E-groshi is a Ukrainian online lending service operated by LLC “Financial Company “Ye Hroshi”. It is a direct non-bank lender, not a bank, not a salary-advance app tied to an employer, and not a broker. The public site markets online loans to a bank card, says no income confirmation is required, accepts borrowers aged 18 to 65, and states that approval plus card funding can take up to 5 minutes through a fully automated system.
The first thing to understand is that E-groshi is not one flat product with one flat tariff. Its current public legal documents dated January 6, 2026 show several named products with sharply different amounts, terms, commissions, and real APRs, including “Startovyi,” “Lagidnyi,” “Shchodennyi,” and “Komfortnyi big.” That matters because a borrower who reads only the homepage banner can easily misunderstand the real pricing structure.

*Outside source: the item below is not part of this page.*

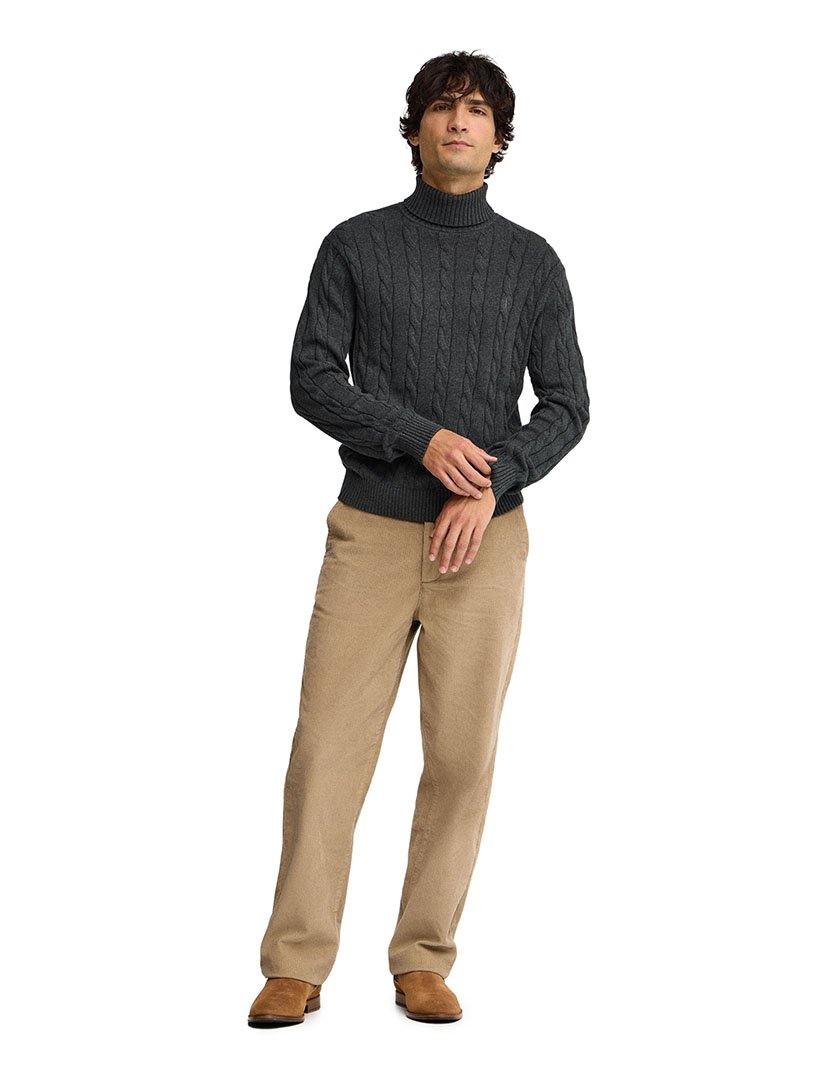 Camisola de gola alta de lã GG9 Cinzento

The second thing to understand is risk. The National Bank of Ukraine announced on December 1, 2025 that it found consumer-crediting violations by ТОВ “ФК “Є ГРОШІ”, including cases where the daily interest rate exceeded the legal 1% cap, as well as undisclosed extra charges and simultaneous use of both fine and penalty for the same breach. The NBU imposed total fines of UAH 2,844,586 and issued a written warning. That does not make the lender fake. It does make careful contract reading mandatory.
***
The company behind the service is ТОВ “ФК “Є ГРОШІ”, EDRPOU 43509084. The official contact page shows the operating address as 51D Shevchenka Street, Dnipro, 49044, support phone 0 800 400 300, and email info@egroshi.in.ua / public contact form routing. The NBU ownership page separately identifies the company as a financial company under the same code.
The company’s January 2026 product PDFs identify license В0000464 dated 15.12.2021. A broader consumer-information PDF published in January 2025 says the license reissue was recorded by the NBU on 25.03.2024. That is enough to treat E-groshi as a real licensed lender rather than an opaque lead page.
Operationally, E-groshi is an online-only lender in the materials reviewed here. Its legal documents and rules describe cashless disbursement to the borrower’s bank card, not branch cash pickup. The site also promotes a mobile app, a personal account, website repayment, and payment by phone number without authorization.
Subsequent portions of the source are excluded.